§ EXERCISE DESCRIPTION
Excluding images, repeat the data exactly as given.
─── GIVEN MATERIAL ───
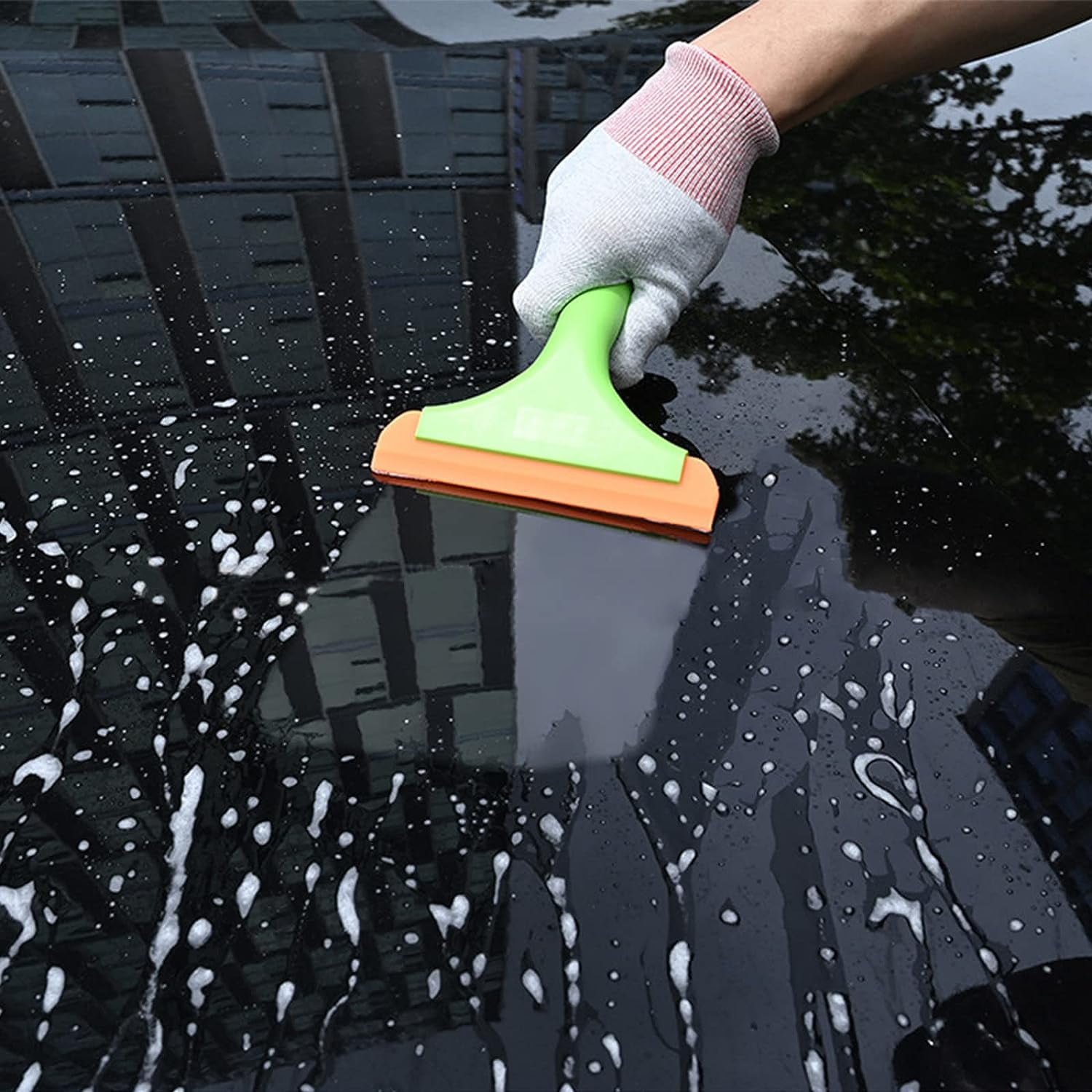 AUKEPO Super Flexible Silicone Squeegee, Window Tint Water Blade, Shower Squeegee with No-Slip Handle, Auto Cleaning Tool Accessories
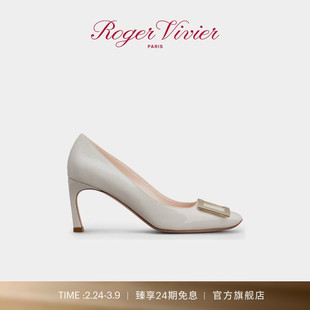 【礼物】Roger Vivier/新品RV女鞋Trompette喇叭跟漆皮高跟鞋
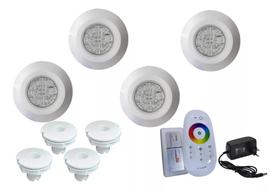 Kit Iluminação Piscina Fibra 4 Leds+ Nicho+ Central E Fonte - K2J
───
§ WRITTEN SOLUTION
 AUKEPO Super Flexible Silicone Squeegee, Window Tint Water Blade, Shower Squeegee with No-Slip Handle, Auto Cleaning Tool Accessories
 【礼物】Roger Vivier/新品RV女鞋Trompette喇叭跟漆皮高跟鞋
 Kit Iluminação Piscina Fibra 4 Leds+ Nicho+ Central E Fonte - K2J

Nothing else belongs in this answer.